WHAT YOU WILL DO
Could you retype exactly the lines below between the one holding "sześcioro muzyków na" and the one holding "A woman wearing", inclusive, leaving out any pictures?

ENTRIES PROVIDED

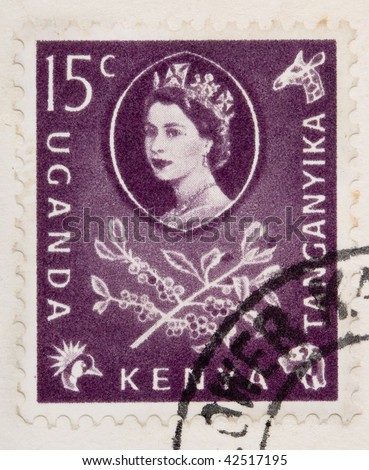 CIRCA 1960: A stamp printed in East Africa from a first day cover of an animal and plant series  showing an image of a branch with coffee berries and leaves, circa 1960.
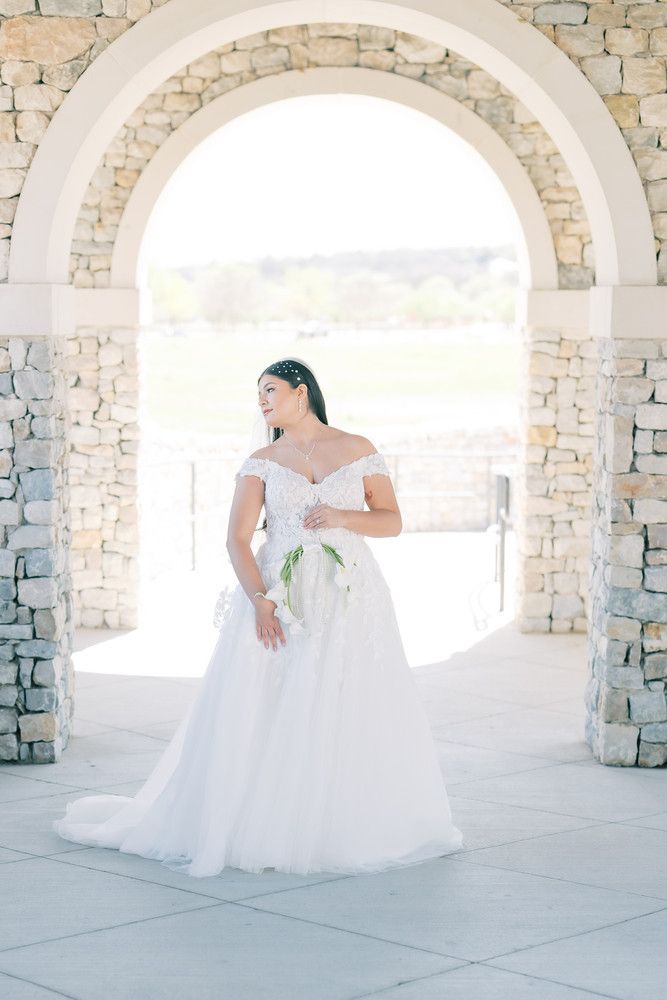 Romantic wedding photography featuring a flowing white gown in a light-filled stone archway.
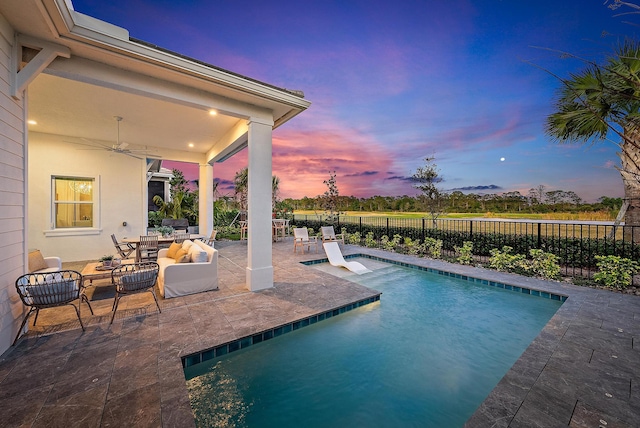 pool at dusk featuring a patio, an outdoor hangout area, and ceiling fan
* * *
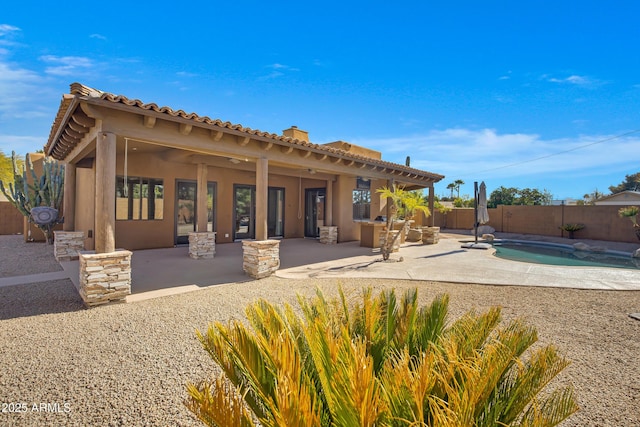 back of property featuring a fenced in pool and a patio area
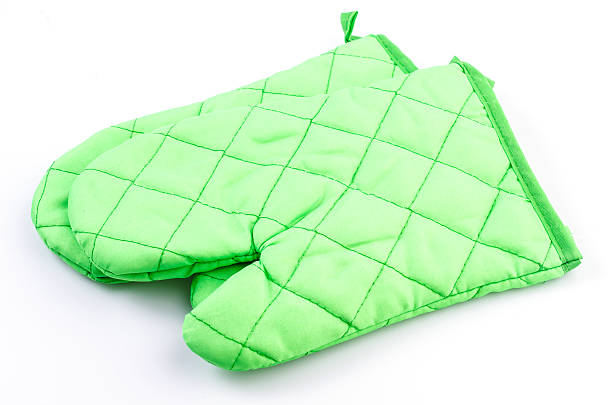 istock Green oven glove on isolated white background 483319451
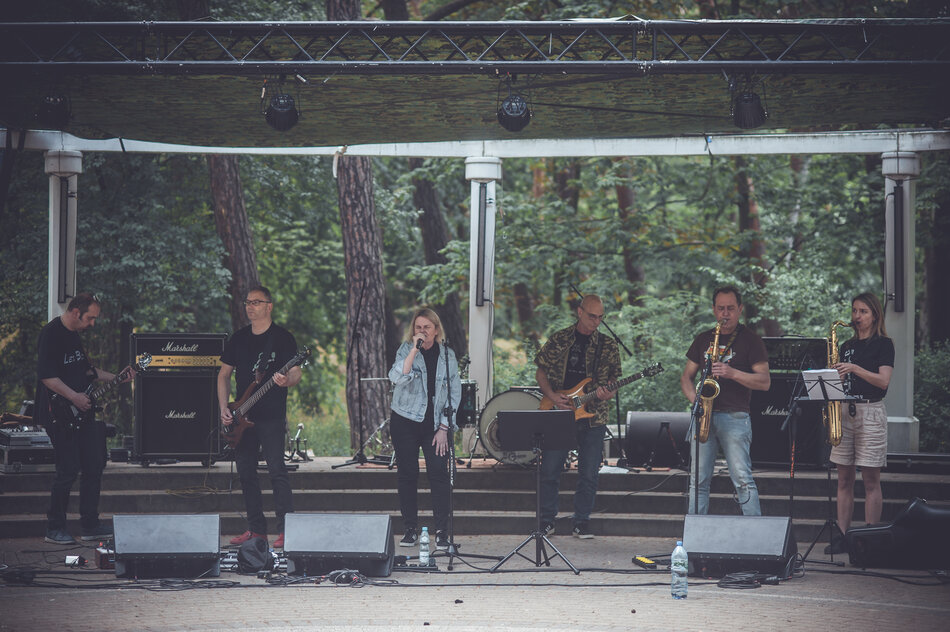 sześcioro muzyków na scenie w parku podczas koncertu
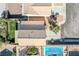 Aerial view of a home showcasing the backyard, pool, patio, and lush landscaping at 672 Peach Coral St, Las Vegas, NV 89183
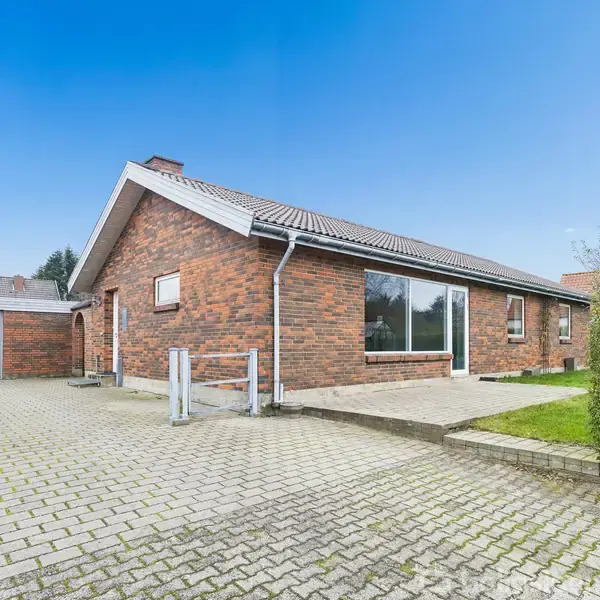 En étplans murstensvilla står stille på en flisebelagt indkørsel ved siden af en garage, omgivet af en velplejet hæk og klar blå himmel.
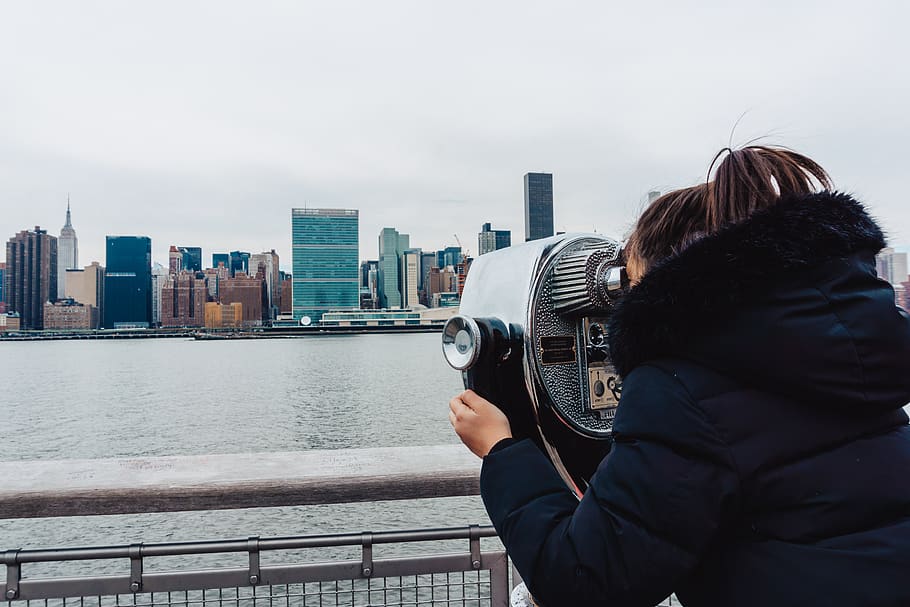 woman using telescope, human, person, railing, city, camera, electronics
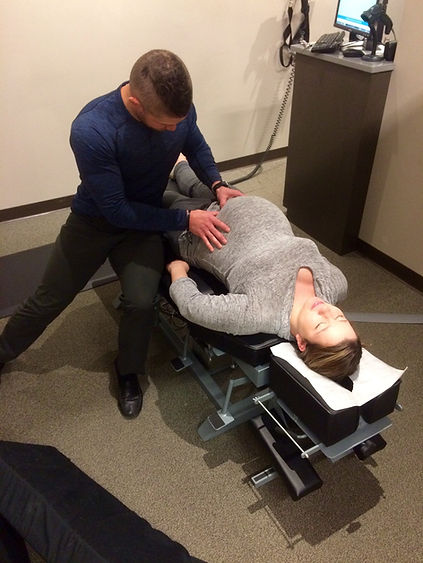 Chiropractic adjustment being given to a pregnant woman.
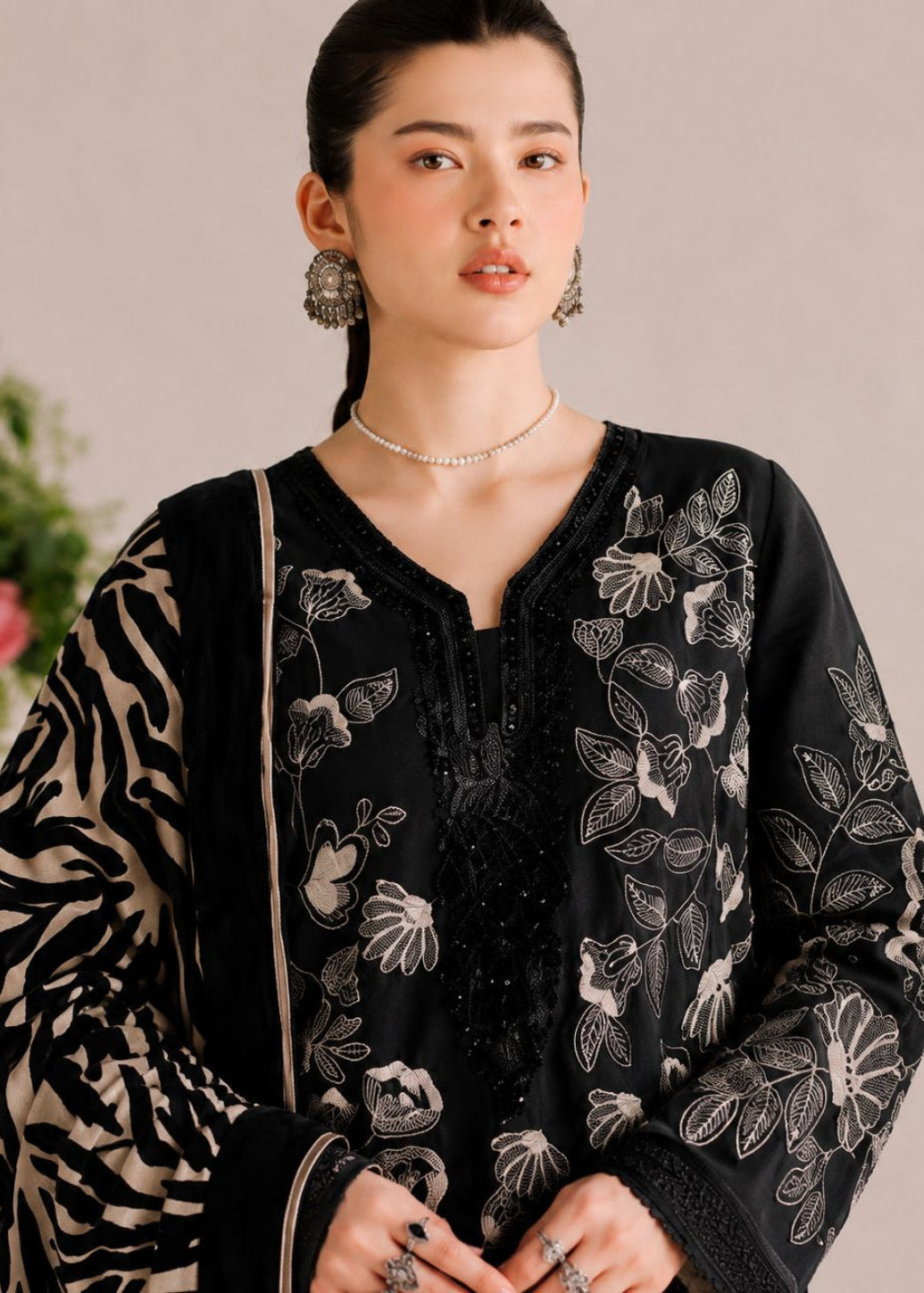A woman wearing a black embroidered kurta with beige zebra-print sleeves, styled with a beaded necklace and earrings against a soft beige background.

WRITTEN ANSWER
 sześcioro muzyków na scenie w parku podczas koncertu
 Aerial view of a home showcasing the backyard, pool, patio, and lush landscaping at 672 Peach Coral St, Las Vegas, NV 89183
 En étplans murstensvilla står stille på en flisebelagt indkørsel ved siden af en garage, omgivet af en velplejet hæk og klar blå himmel.
 woman using telescope, human, person, railing, city, camera, electronics
 Chiropractic adjustment being given to a pregnant woman.
A woman wearing a black embroidered kurta with beige zebra-print sleeves, styled with a beaded necklace and earrings against a soft beige background.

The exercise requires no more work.